*TASK DATA*:
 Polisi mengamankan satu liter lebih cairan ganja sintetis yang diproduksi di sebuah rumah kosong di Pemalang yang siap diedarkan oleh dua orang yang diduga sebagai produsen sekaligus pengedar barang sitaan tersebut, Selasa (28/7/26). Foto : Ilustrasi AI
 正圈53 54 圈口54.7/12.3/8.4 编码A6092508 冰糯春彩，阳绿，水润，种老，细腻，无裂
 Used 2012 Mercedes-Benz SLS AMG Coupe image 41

--

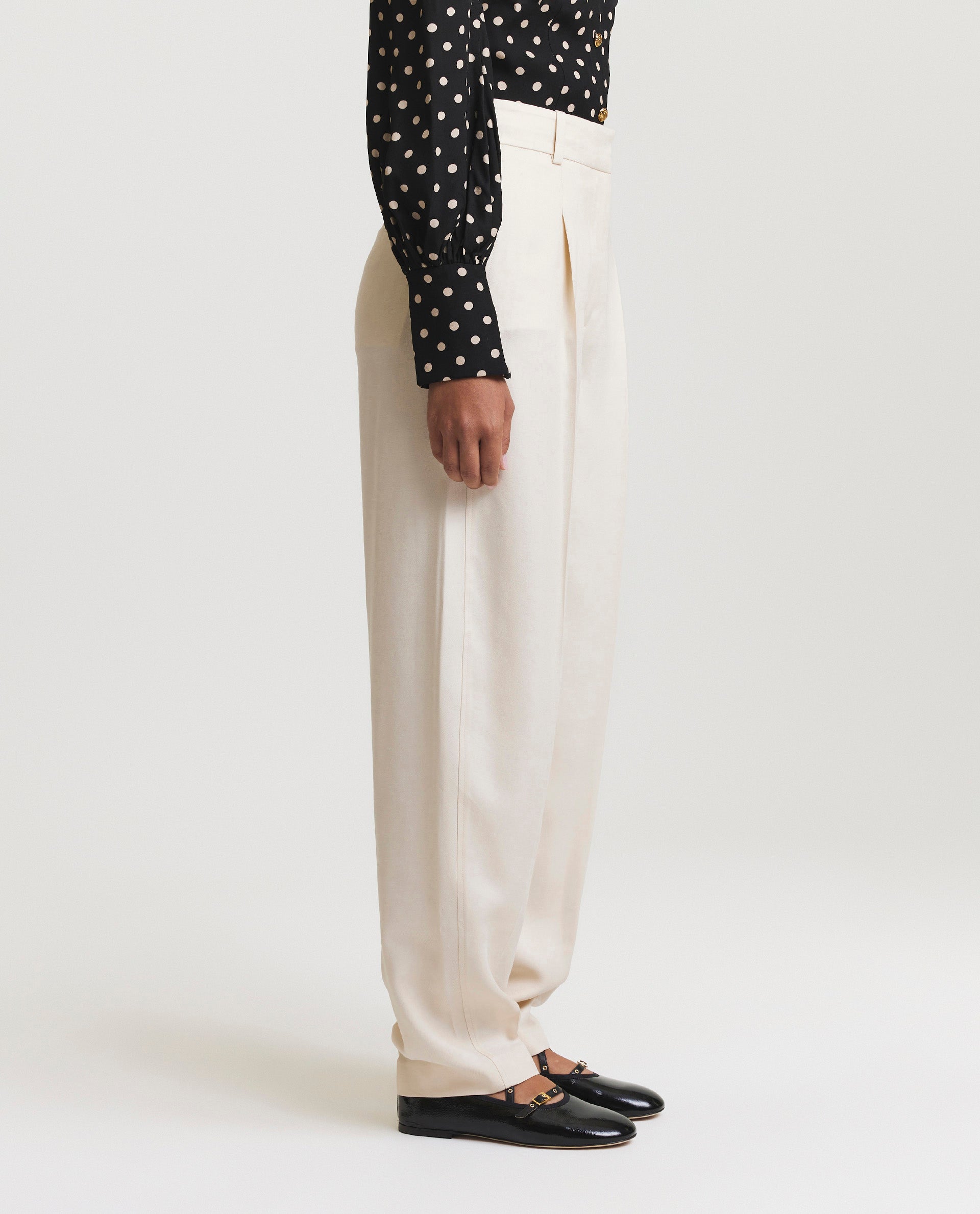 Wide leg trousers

--

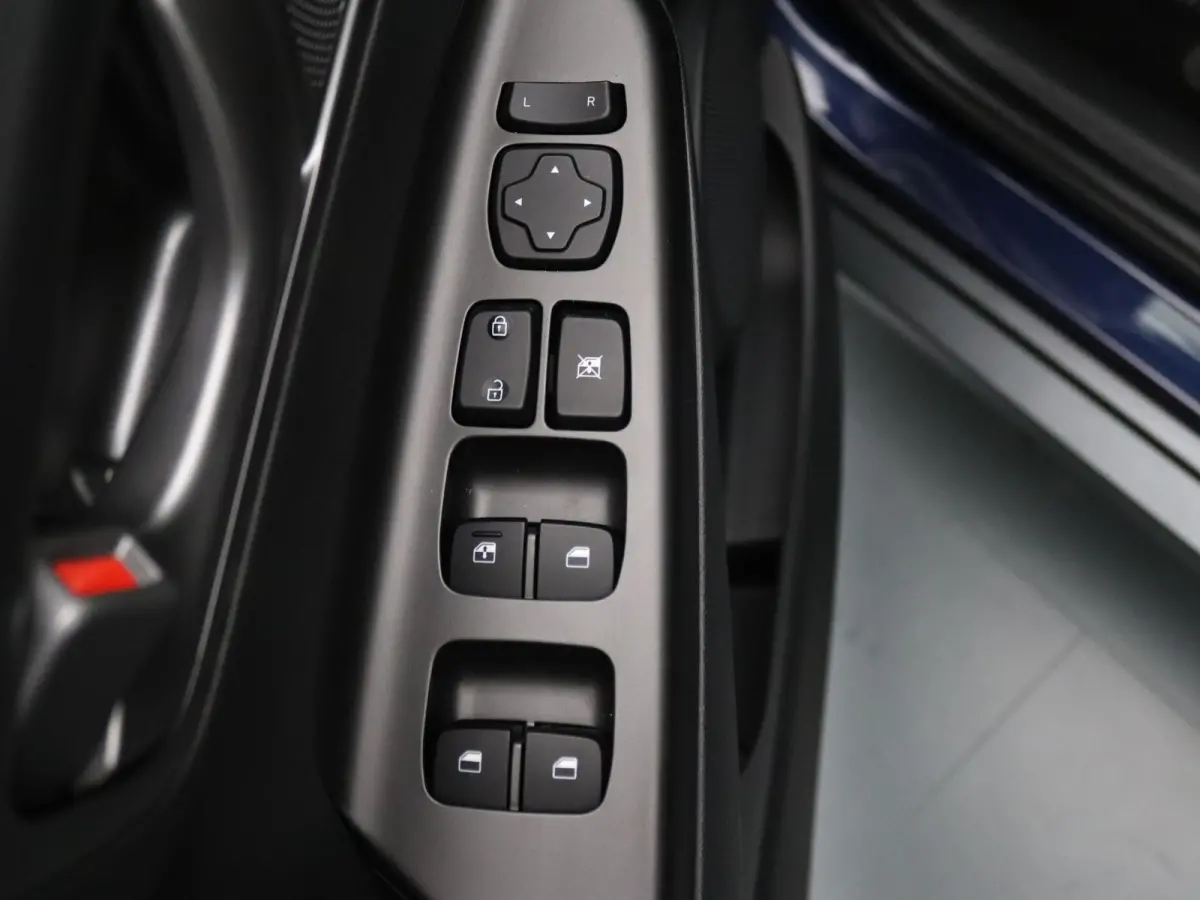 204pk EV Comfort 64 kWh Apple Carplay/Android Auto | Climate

*EXERCISE INSTRUCTIONS*:
All that is wanted is an exact copy of the lines above from the one with "Polisi mengamankan satu" through the one with "Used 2012 Mercedes-Benz", with both ends included.

*EXERCISE ANSWER*:
 Polisi mengamankan satu liter lebih cairan ganja sintetis yang diproduksi di sebuah rumah kosong di Pemalang yang siap diedarkan oleh dua orang yang diduga sebagai produsen sekaligus pengedar barang sitaan tersebut, Selasa (28/7/26). Foto : Ilustrasi AI
 正圈53 54 圈口54.7/12.3/8.4 编码A6092508 冰糯春彩，阳绿，水润，种老，细腻，无裂
 Used 2012 Mercedes-Benz SLS AMG Coupe image 41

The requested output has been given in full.